Una nota positiva i sindacati la riservano alla recente costituzione dell’Ati, l’assemblea territoriale idrica chiamata a governare il sistema idrico integrato della provincia di Caltanissetta in sostituzione dell’Ato idrico CL6: “Finalmente dopo 4 anni di sollecito verso i sindaci,la costituzione dell’Ati porterà sicuramente vantaggi ai cittadini se amministrata bene”.
“È inutile nasconderlo – scrivono Giudice, Gallo, Mudaro e Castania – la provincia di Caltanissetta continua a non avere l’adeguata attenzione da parte di chi può e deve decidere le sorti delle due più grandi aree industriali: Caltanissetta e Gela. Per questo motivo Cgil, Cisl e Uil sono costretti a minacciare manifestazioni pubbliche locali o nazionali per far sentire il proprio dissenso a questo stato di cose. Un declino che si respira in tutti i Comuni della provincia con uno spopolamento che è sotto gli occhi di tutti. In questo territorio negli anni non sono mancati i finanziamenti ma non si è stati in grado di creare lavoro”. Il riferimento dei sindacati confederali è ai tanti miliardi erogati con il contratto d’area, il patto per l’agricoltura, tutta la programmazione negoziata. Strumenti che “dovevano far vivere un nuovo e sano protagonismo imprenditoriale e invece hanno generato macchie nel deserto, capannoni senza alcun perché, se non quello di giustificare la spesa”.
Per Cgil, Cisl e Uil “la qualità della vita dei cittadini dipende dalla solidità dei trasferimenti finanziari di Stato e Regione ai Comuni ma anche da come i sindaci si adoperano per evitare il collasso dei servizi alla persona: dalla refezione scolastica al trasporto locale, all’assistenza agli anziani ed inabili”.
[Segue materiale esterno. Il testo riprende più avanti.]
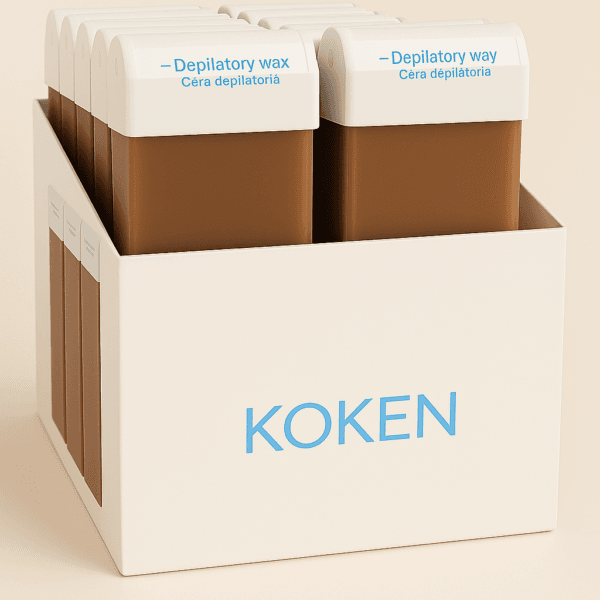 Pack de 20 cartuchos de cera chocolate roll-on de 100 ml para depilación tibia profesional, en envase marrón con tapa blanca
Infine un richiamo ad un utilizzo più efficace dei beni confiscati alla mafia. “In questi anni tanti sono stati i beni sequestrati e confiscati per i quali si propongono procedure più snelle e veloci per l’assegnazione e per la gestione al fine di offrire prospettive di lavoro ai giovani”.
Pertanto le organizzazioni sindacali “s’impegnano attraverso un’azione sinergica con tutte le istituzioni (Governo, Regione e Comuni) a trovare modalità che permettano l’uscita da questa situazione drammatica di crisi in cui versa il territorio”.